Amazon lands US patent covering drone security measures
- Amazon has been awarded a patent on measures intended to secure and protect drones while in flight to deliver packages, the U.S. Patent Office confirmed, according to CNBC.
- The patent is the result of a 2014 filing by Amazon, which sought to copyright "countermeasures of threats to an uncrewed autonomous vehicle," otherwise known as a drone. Amazon noted in its original filing that drones and their on-board communication and data systems could be targeted by malicious hackers.
- The patent also refers to how delivery drones could be connected to a mesh network to communicate and exchange location data, and that techniques such as encryption, frequency hopping and spread-spectrum could be used to both improve security and reduce the likelihood of interference.
Reports of this patent award come just a couple of weeks after Amazon completed its first Prime Air drone delivery in the U.K., where it has pursued much of its drone development while the U.S. government failed to aggressively address delivery drone guidelines.
It's no surprise that Amazon was thinking about security measures for complex drone operating environments way back in 2014. Allowed to move at its own pace, the e-commerce giant might have had many delivery drones making regular flights by now.

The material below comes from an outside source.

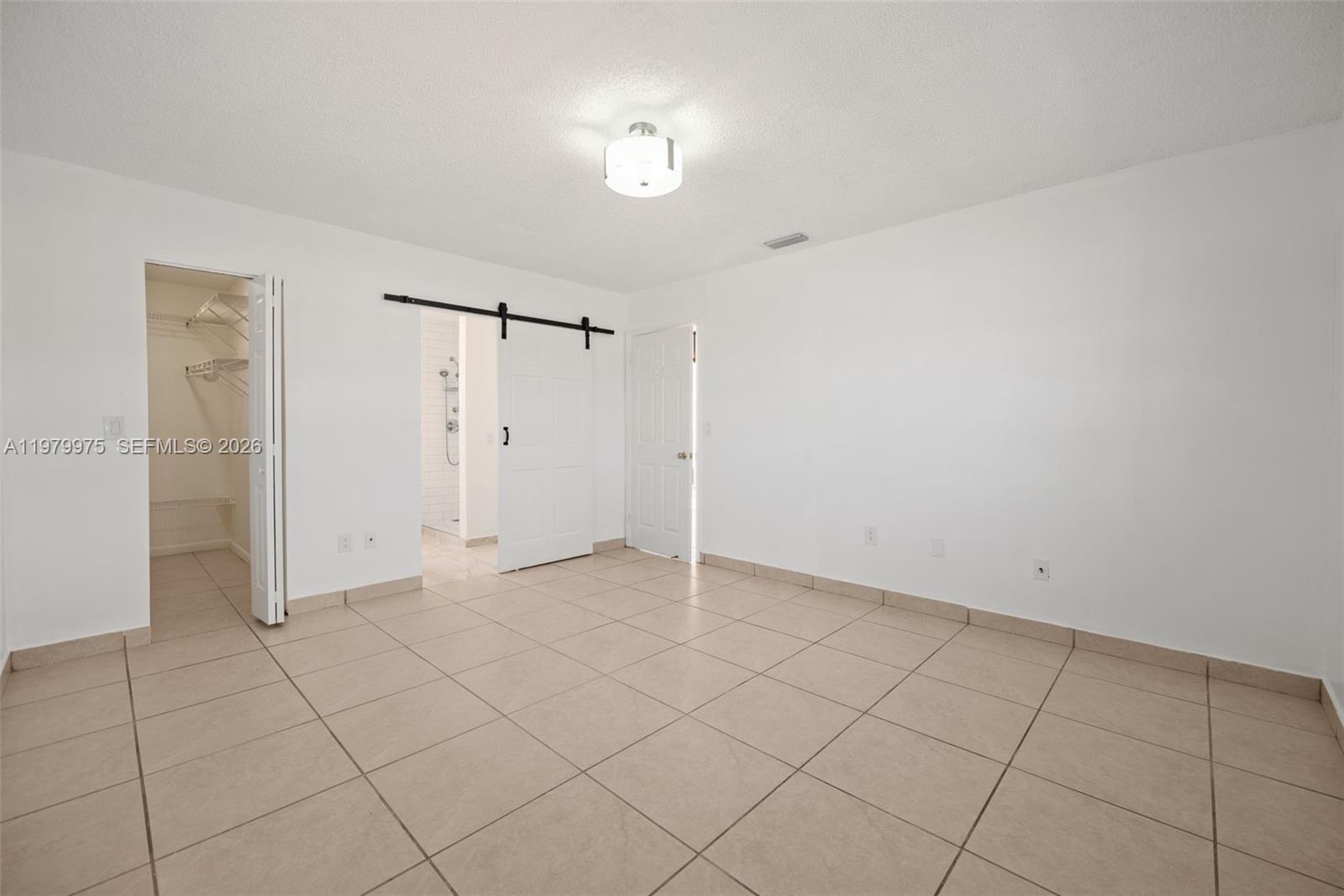 2496 W 70th Pl Hialeah, FL 33016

Even though Amazon's drone delivery ambitions — and the drone delivery hopes of the entire retail sector — became muddled and delayed by slow-moving regulation development, this patent is a significant win for Amazon and a step forward for drone delivery.
One of the big reasons why delivery drone regulations have been delayed is that government authorities want to make sure all the safety issues have been sorted out. If a delivery drone, or a number of delivery drones, were to be hacked in-flight, there could be disastrous implications both from a business perspective and a human safety perspective.

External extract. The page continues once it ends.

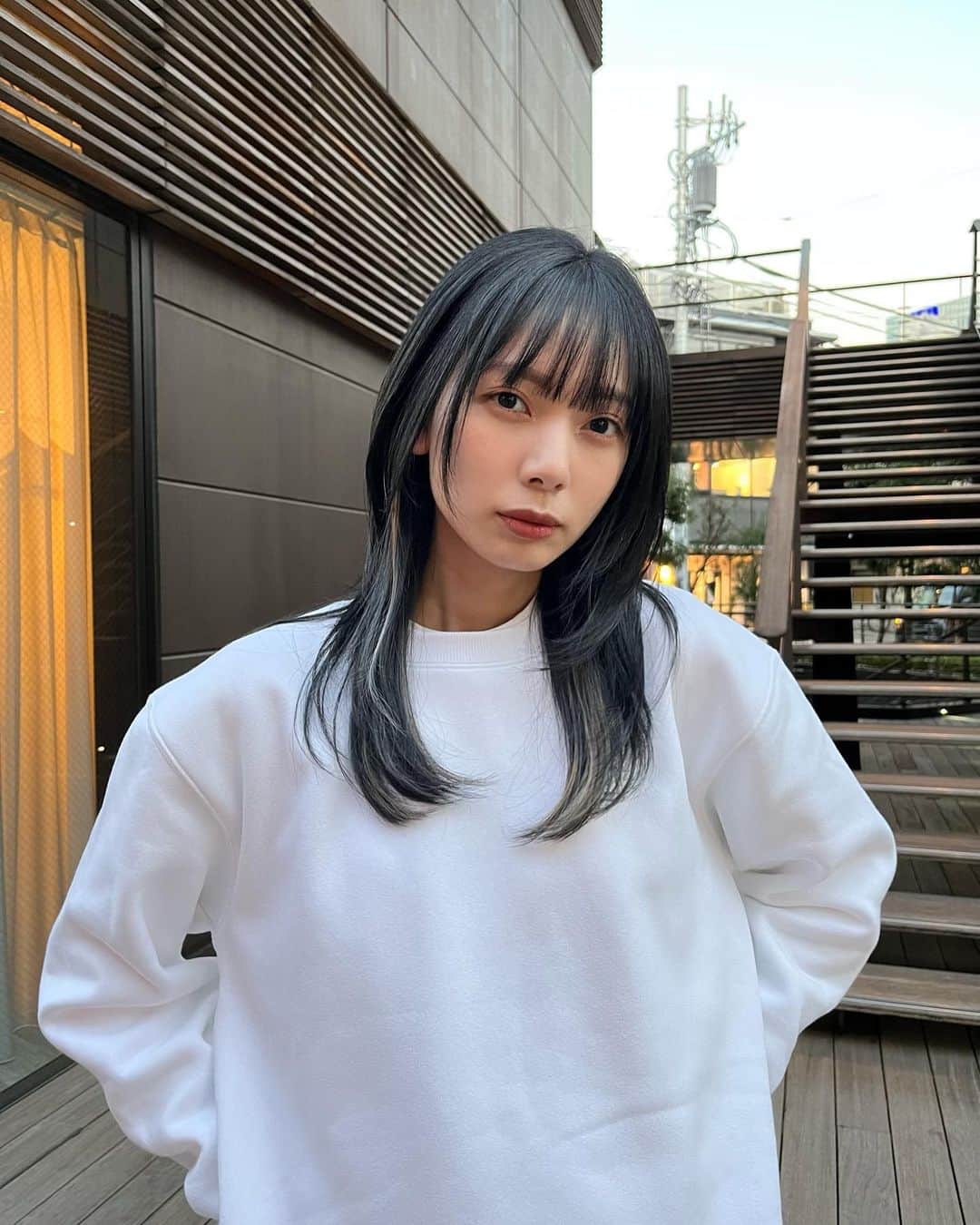 きなりのインスタグラム：「遂にブリーチした🥹👏 インナーにハイライトちびちびと入れてもらいました！わかるかなあ〜🤔 嬉しすぎて沢山撮ってもらった✌️ モデル始めてから髪型変えれなかったから、大学生ぶり？に染めたよ、校則破ってる気分ダヨ🚬  明日、わたしがプロモーションとして入っているEsportsチーム @reignite_ent の初オフラインイベントの日です！！ 沢山サポートして頂いた皆さまに楽しんでもらえるよう、ずっと準備してきました！！ 少し緊張しているけど、とても楽しみなので明日お暇な方は遊びにきてね🔥 この写真で着ているスウェットはイベント限定デザインのもの！数に限りがあるのでお早めに！まじ可愛いよ自信作…！！」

The unfortunate reality for delivery drones is the U.S. is that we may still be a couple years away from Federal Aviation Administration rules to govern their use, and even a little farther off from complex air space environments in which many drones from different operators are sharing the same space. Still, until then, drone operators can gain FAA approval for specific, controlled delivery projects, such as the extended pilot project Flirtey has been running on behalf of 7-Eleven in Nevada. Those projects and the efforts of companies like Amazon to prove the delivery drone flight can be safe and secure will help retail's drone delivery hopes make it to the next era intact.